However, the company's overall performance was negatively impacted by a lackluster showing at the box office. WBD struggled to replicate the phenomenal success of "Dune: Part Two" from the previous year, which grossed over $700 million. Its major release for the quarter, Bong Joon Ho’s sci-fi dark comedy "Mickey 17," barely exceeded its reported budget in box office earnings.
Consequently, studio revenue experienced a significant decline of 18%, falling to $2.31 billion and missing analysts' expectations of $2.73 billion.

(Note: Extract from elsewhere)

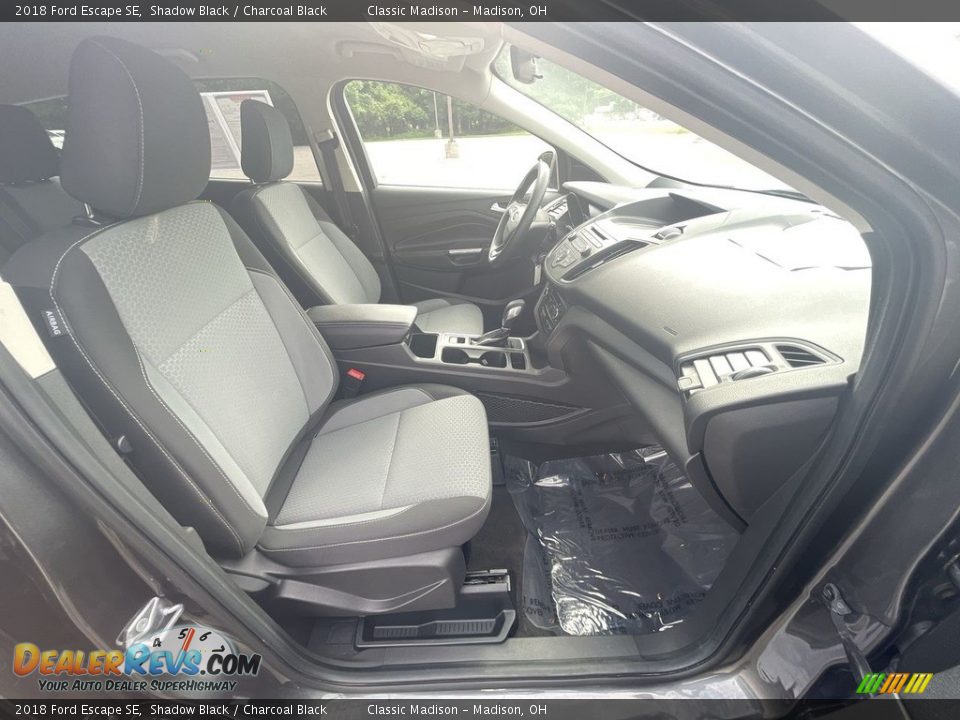 2018 Ford Escape SE Shadow Black / Charcoal Black Photo #18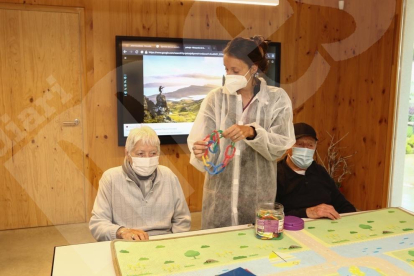 Teràpia amb gossos al Centre d'Alzheimer de Reus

Promising Start to the Second Quarter
Despite the first-quarter challenges, WBD has seen a strong start to the second quarter with the success of Ryan Coogler’s horror film "Sinners" and the blockbuster "A Minecraft Movie." The latter has already generated approximately $900 million globally, making it the highest-grossing release of 2025 thus far.
Declining Revenue in TV Networks
The TV networks segment, which encompasses channels such as CNN, Discovery Channel, and Animal Planet, also experienced a decline in revenue, falling by 7%.
Overall Financial Performance Falls Short
Overall, WBD's revenue for the first quarter fell by 10% to $8.98 billion, falling short of analysts' average estimate of $9.60 billion. The reported loss per share of 18 cents was also greater than the expected loss of 13 cents.
The potential breakup of Warner Bros. Discovery underscores the significant pressures facing traditional media companies as they navigate the evolving landscape of streaming and the decline of cable television. The strategic decisions made in the coming months will be crucial in shaping the future of this major media player.